## Work instruction
Nothing but the lines below from the one containing "LINE_ALBUM_新豐籃球場透天_251124_11" through the one containing "photo_credit Tomáš Slavík" should appear in the answer, exact and without pictures.

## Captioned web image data
BEGIN

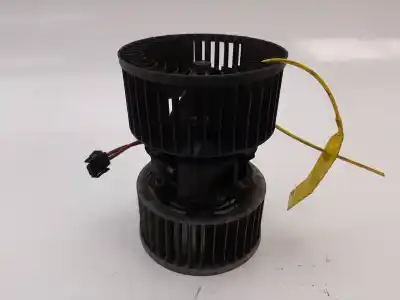 Peça sobressalente para automóvel em segunda mão motor de sofagem por bmw serie 3 berlina (e46) 320d referências oem iam 0130101103  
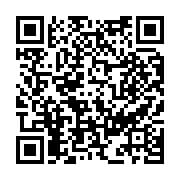 군정소식 페이지 바로가기 주소(https://www.jangseong.go.kr/q/ezMxMDR8MTE5MDV8c2hvd3xwYWdlPTQxMX0=&e=M&s=3), QRCODE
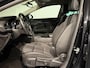 Opel Insignia Grand Sport 1.5 Turbo Online Edition AUT /Clima/ACC/PDC/Keyless/LED/CarPlay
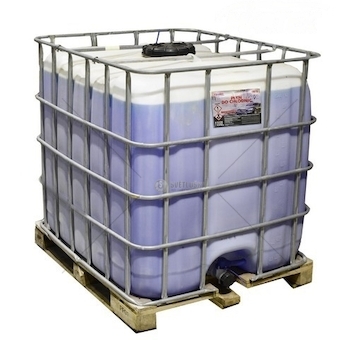 PLYN DO CHLODNIC -35 1000L G11  G11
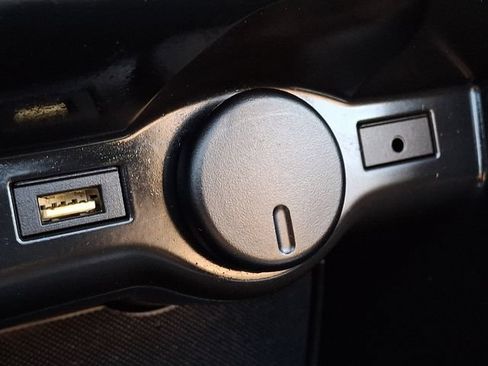Used 2017 Buick Cascada Premium FWD image 22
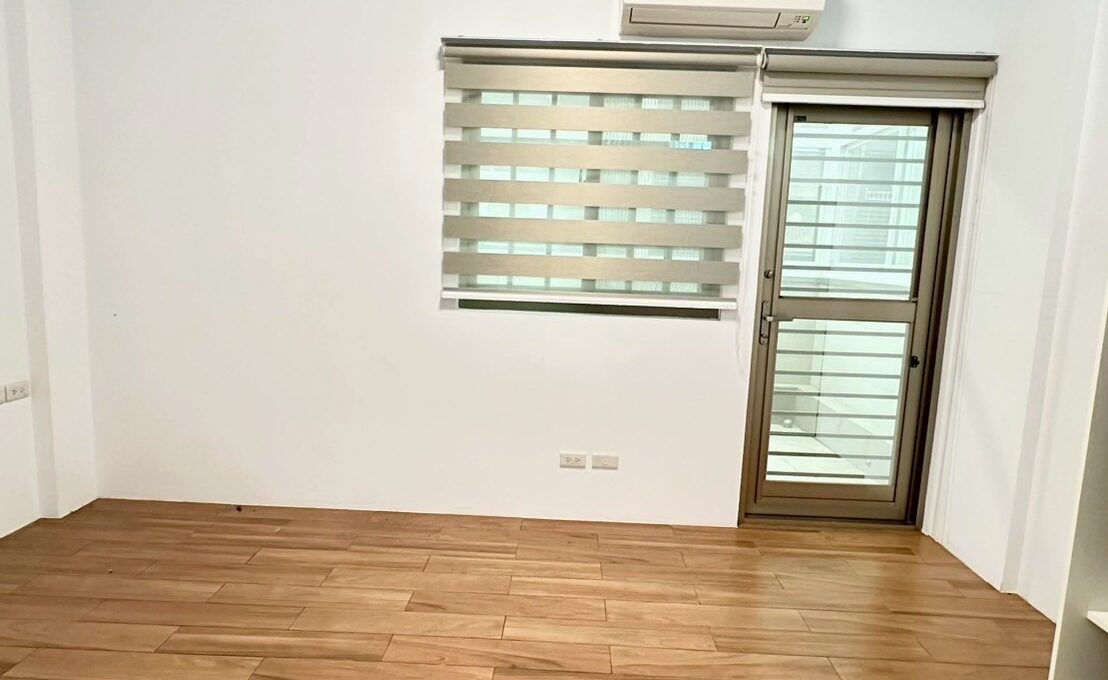 LINE_ALBUM_新豐籃球場透天_251124_11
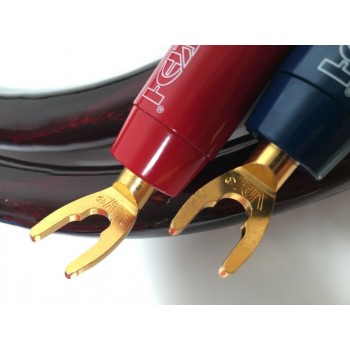 Van Den Hul The SuperNova 2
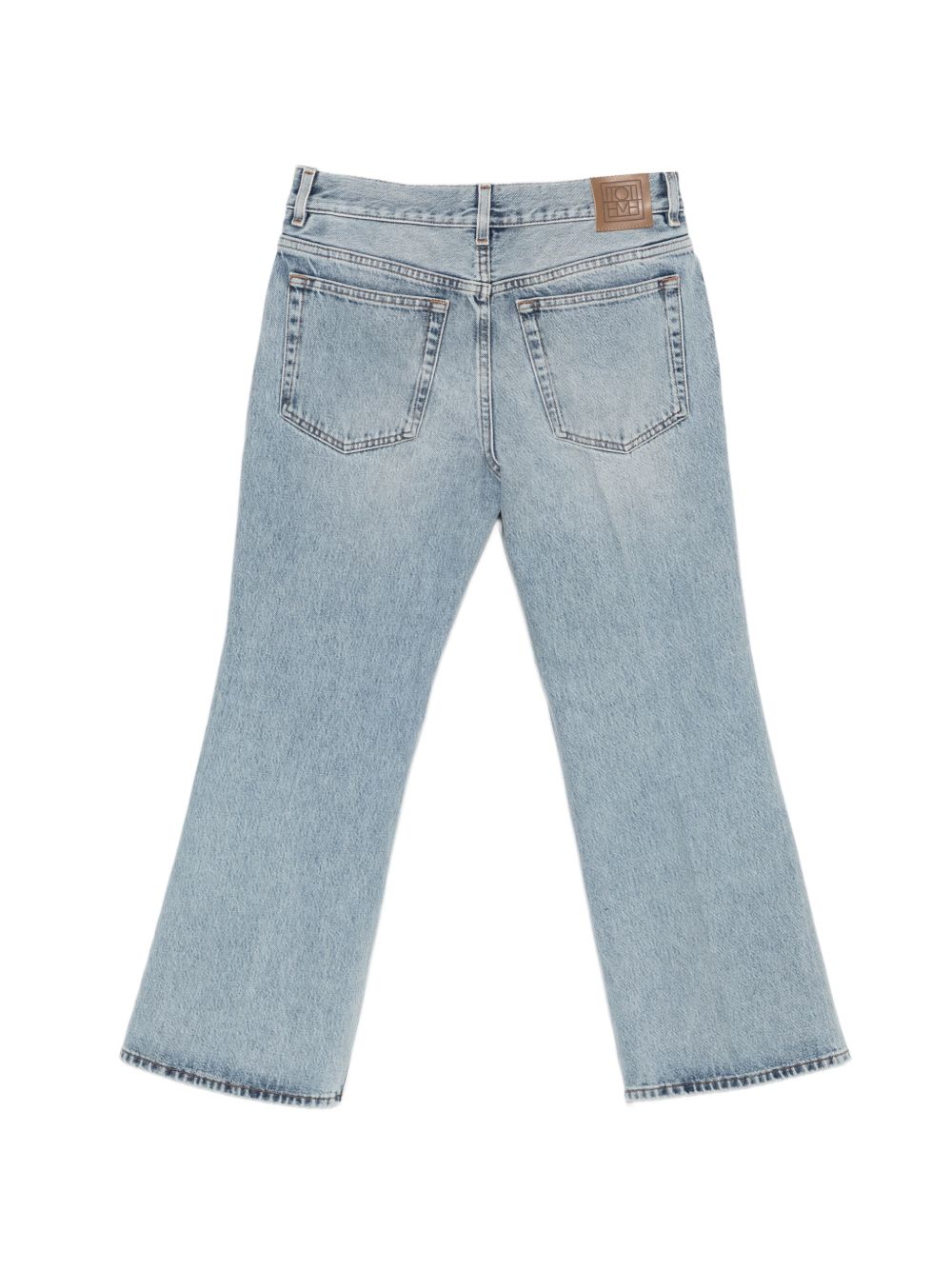 TOTEME 262WRB0367FB0423 305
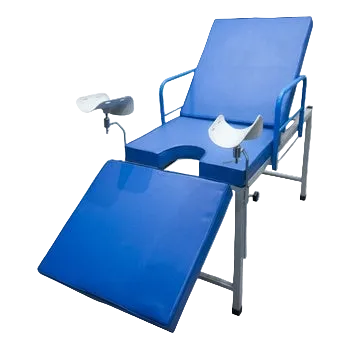Delivery Table
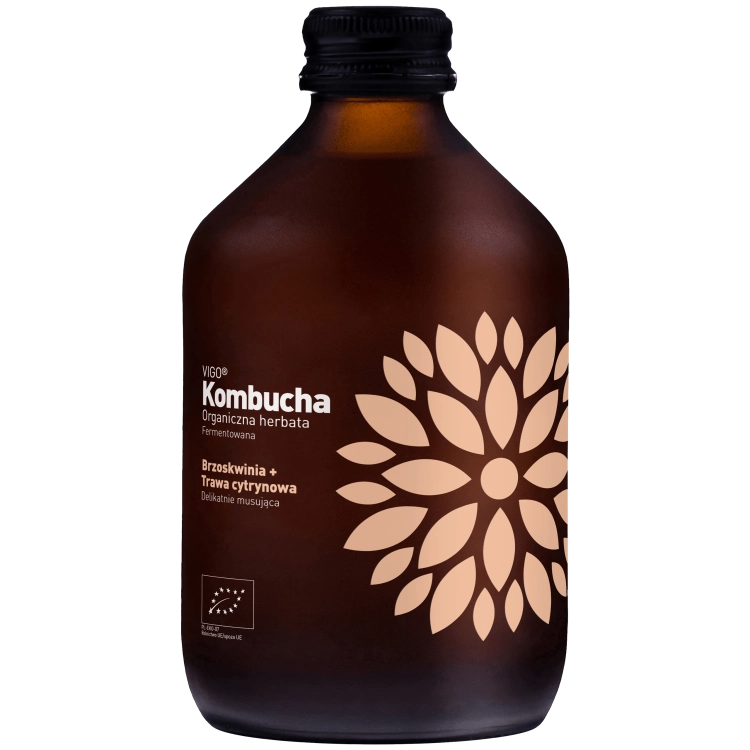 BRZOSKWINIA+TRAWA CYTRYNOWA-VIGO-KOMBUCHA-.png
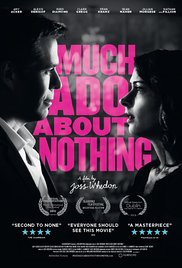 Much Ado About Nothing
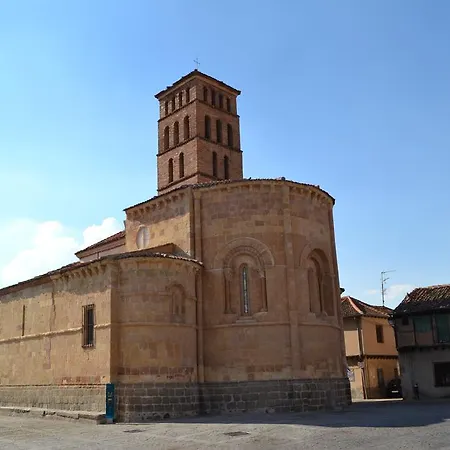 Daire The Factory Hall *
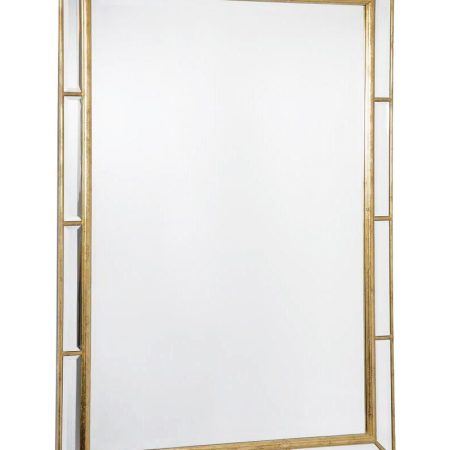 Зеркало "Велингтон"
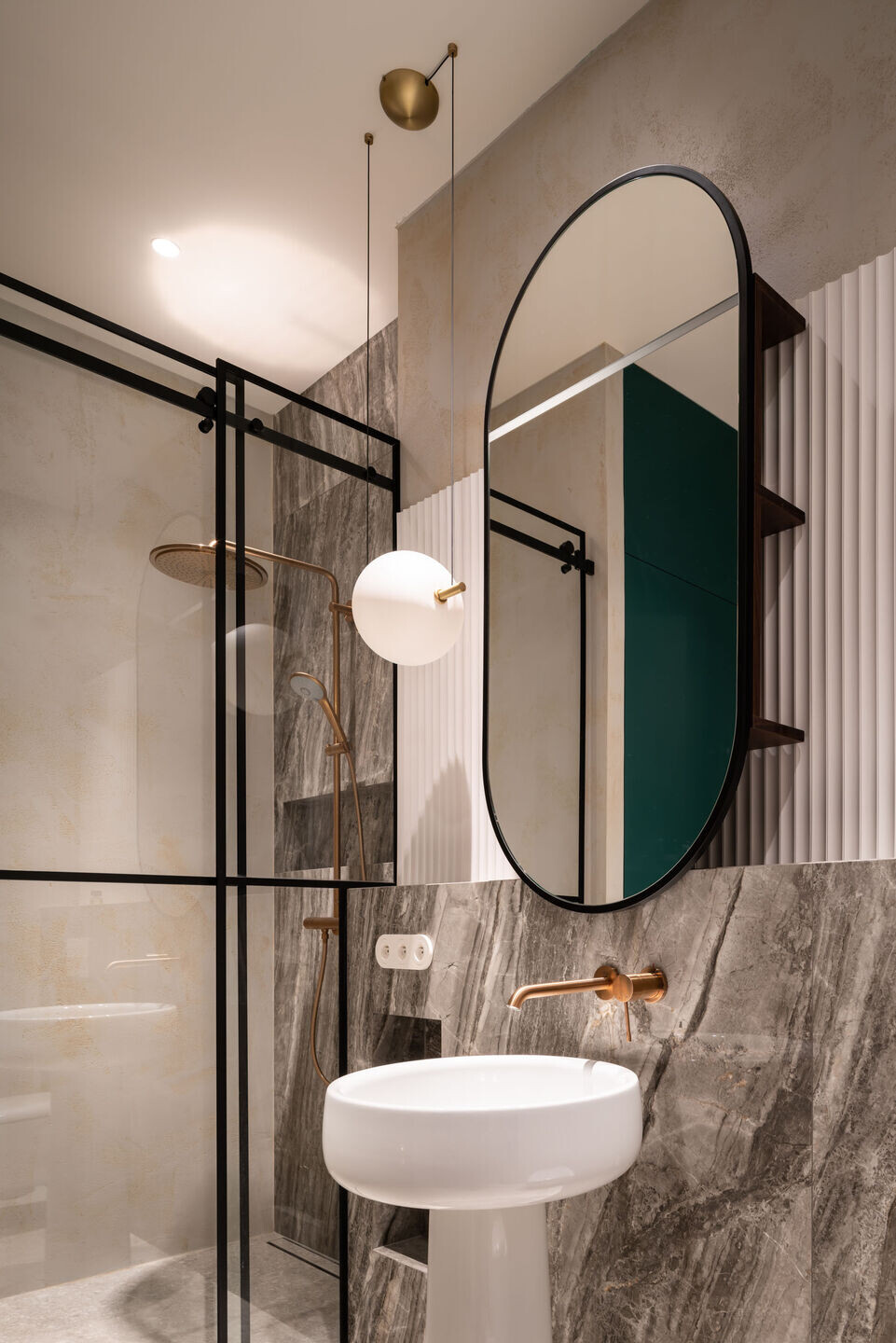 https://archello.com/story/143326/attachments/photos-videos/11 photo_credit Tomáš Slavík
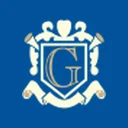 Globus Spirits Limited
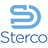 StercoDigitex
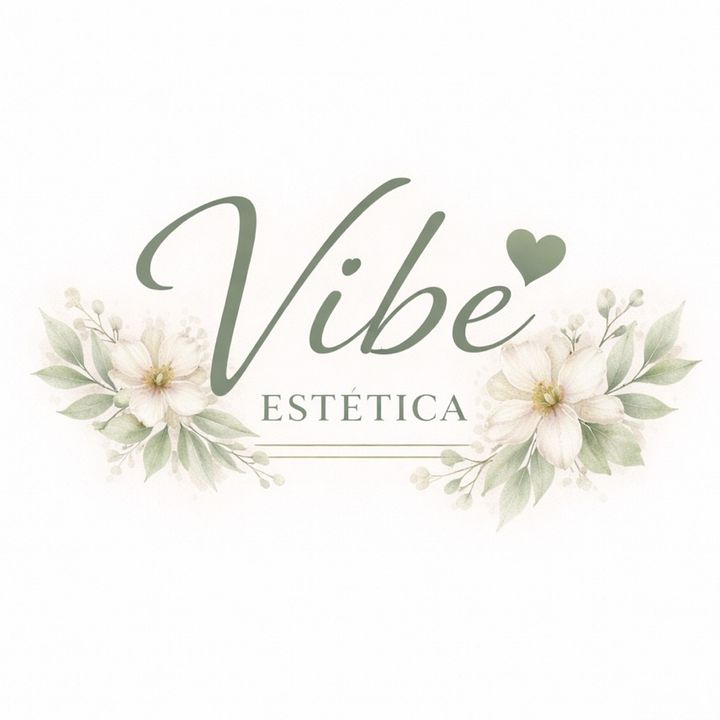 Vibe2_nailsstudio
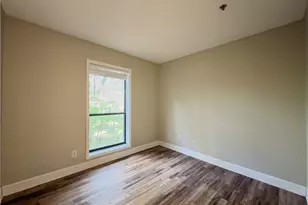 2610 Cumberland Ct, Smyrna, GA 30080 - Photo 16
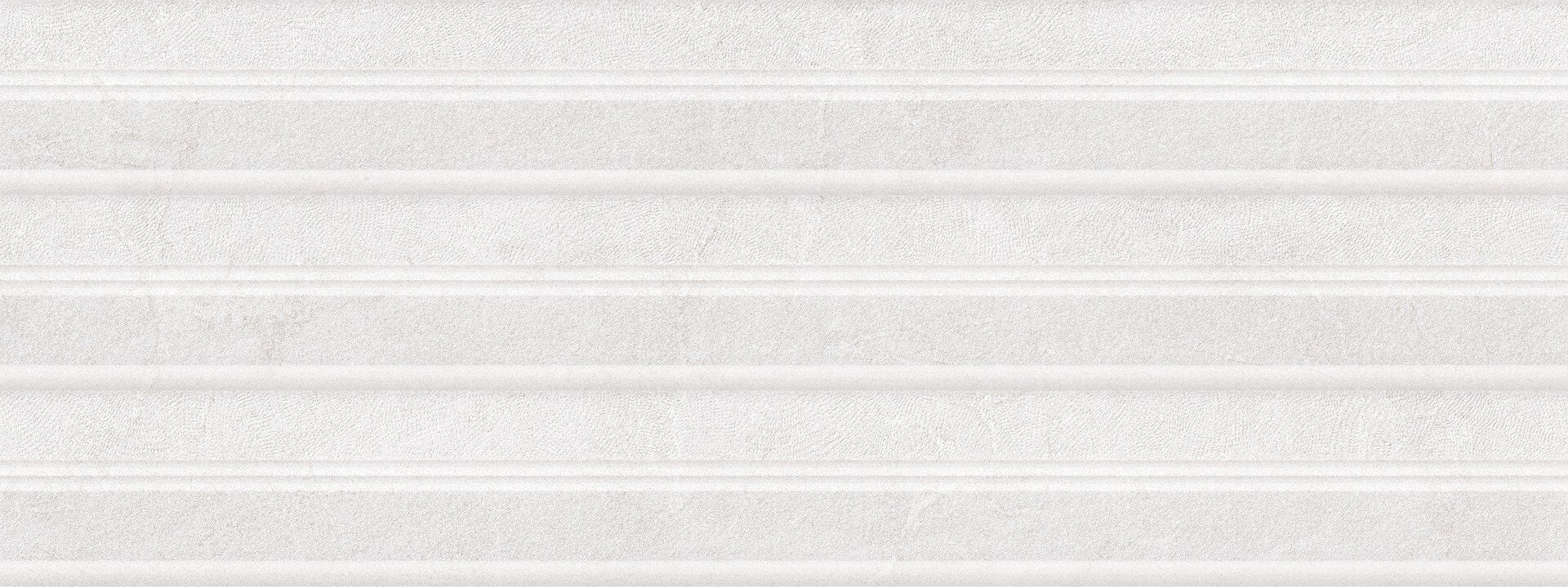 PŁYTKA CERAMICZNA GR/PA412BL 45 X 120 CM OD GRESPANIA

END

## Written answer
 LINE_ALBUM_新豐籃球場透天_251124_11
 Van Den Hul The SuperNova 2
 TOTEME 262WRB0367FB0423 305
Delivery Table
 BRZOSKWINIA+TRAWA CYTRYNOWA-VIGO-KOMBUCHA-.png
 Much Ado About Nothing
 Daire The Factory Hall *
 Зеркало "Велингтон"
 https://archello.com/story/143326/attachments/photos-videos/11 photo_credit Tomáš Slavík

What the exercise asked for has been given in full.